Учитель не жил, не страдал школьными страстями — может, потому, что знал страсти не только по школьному курсу. Он экономил нервы. И все же время от времени срывался.

Начиналось с пустяка. Например, Учителю показалось, что кто-то не записывает. Он диктует, а кто-то, скажем, Шевченко, не записывает, потому что в этот момент Ларочка-лапочка низко склонилась над тетрадью, и в отвороте ее блузки (приходящая Ларочка не носила форменных платьев) разверзлась бездна, не заглянуть в которую нет сил. Учитель замечает, что Шевченко куда больше интересуется одноклассницей Ларочкой, нежели «образом Элен», и изо всех сил хлопает тетрадкой по подоконнику, так что над конспектом взлетает облако многолетней чердачно-портфельно-письменной пыли. Класс вздрагивает. Началось.

Были разносы, над которыми мы смеялись, — например, когда нас «разносила» со слезами в голосе и на ресницах добрейшая «немка» Аннушка.

Были разносы, которые мы принимали как должное, помалкивая или играя в «морской бой». Это когда Петр Петрович в очередной раз потел у классной доски, подсчитывая, во что обходится государству очередной имярек: он и ругаться предпочитал цифрами.

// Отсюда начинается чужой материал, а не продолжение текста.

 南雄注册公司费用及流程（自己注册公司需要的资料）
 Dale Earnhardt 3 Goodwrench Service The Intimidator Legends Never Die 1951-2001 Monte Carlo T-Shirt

Когда нас разносил Учитель, в классе стояла мертвая тишина. Госпитальная тишина, в которой страдал и кровенился один-единственный голос — голос Учителя. Вместе с классом молчал и виноватый (или наоборот — невиновный), потому что оправдываться было нечестно: все равно что спорить с обреченным. Минут через десять Учитель выдыхался, поворачивался к окну: осень — зима — весна и, когда возвращался в класс, был сер и спокоен.

Лишь однажды негласный закон молчания был нарушен.

Его нарушил Кузнецов.

Из-за какого пустяка вспыхнул разнос, не помню.

— Неправда! — закричал Кузнецов, и его жесткое, лупатое лицо покрылось пятнами.

Они стояли друг против друга. Учитель — бескровное лицо, мятущиеся, вырвавшиеся из-под надбровий глаза, в которых злоба мешалась с мольбой. И Кузнецов, сухощавый, от макушки до пяток одни кости, вытянувшийся в струну.

Учитель кричал разные слова, Кузнецов лишь одно:

— Неправда!

Учителю не надо было трогать Кузнецова, потому что они оба были из тех, кто утешается. Родителей у Кузнецова не было, жил он в деревне с больной бабкой, шпыняли его там, конечно, будь-будь, и защита стала для него изощренной формой нападения. В классе избегали драться с Кузнецовым: он мог садануть всем, что попадется под руку, мог, извернувшись, схватить тебя за горло, а разжать, разорвать его костлявые пальцы было непросто.

Класс растерянно молчал, слушая, как они кричат друг на друга. Каждый понимал: надо кому-то встать, взять Кузнецова под белы руки и вывести вон. И каждый, уверен, оттягивал минуту решительных действий: авось вот-вот уладится само собой.